Guyana has now hired a new attorney, John Wilson, of McKinney Bancroft and Hughes, to fight court-appointed liquidator, Craig Tony Gomez, on the issue of Guyana’s US$34M investment in Clico Bahamas.
In a newspaper report out of the Bahamas, Wilson yesterday said that while the lawyers have not yet settled on the formulation of CLICO Guyana’s claim, what is certain is that he does not agree with the provisional liquidation’s view of the liquidation in relation to his characterization of CLICO Guyana.
Weeks ago, not long after CLICO had been placed into liquidation, the Guyana Government had reportedly entered discussions with other Bahamian attorneys and firms about representation, but never followed through with those relationships.

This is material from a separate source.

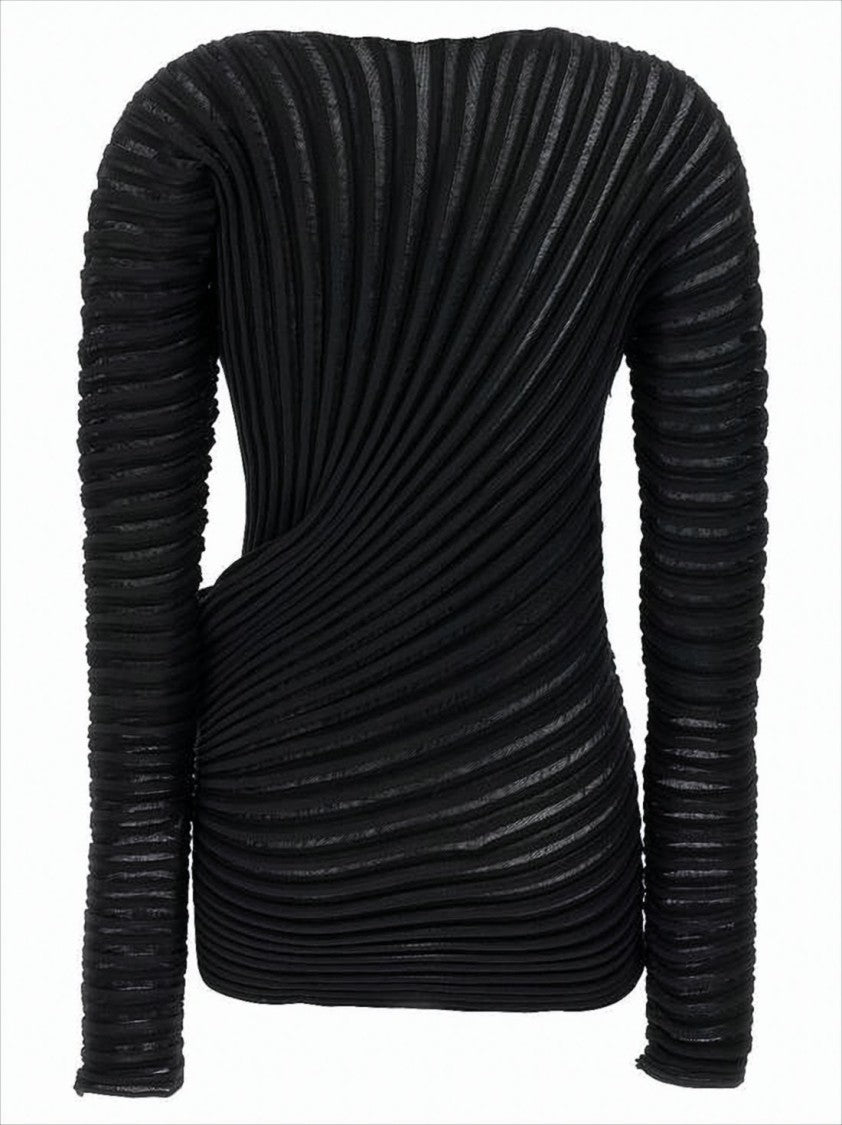 Issey Miyake Textured Long-Sleeve Top With Draped Detail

The Nassau Guardian reported that McKinney Bancroft and Hughes are currently looking at information in relation to Guyana’s claim in an effort to support it.
It also stated that the Guyana Government is reportedly looking to be a part of any creditors committee that may be established.
That committee would assist in the oversight of the liquidator’s function and provide advice from the perspective of creditors to protect their interests.
In his liquidation report filed in the Supreme Court last month, liquidator Gomez also confirmed that he had received policy claim packages from CLICO (Guyana) and CLICO (Suriname.)
Guyana is claiming US$34M in policies with CLICO Bahamas, and Suriname is claiming $15.5M.
During an interview on Thursday last, President Jagdeo said that Guyana would get an additional US$15M or $3B from the Petroleum Fund to deal with the CLICO problems.
He added that this means that it is likely that no taxpayer’s money will be used to repay policyholders.
From the inception, the Head of State had assured that all policyholders would receive their monies from CLCIO (Guyana).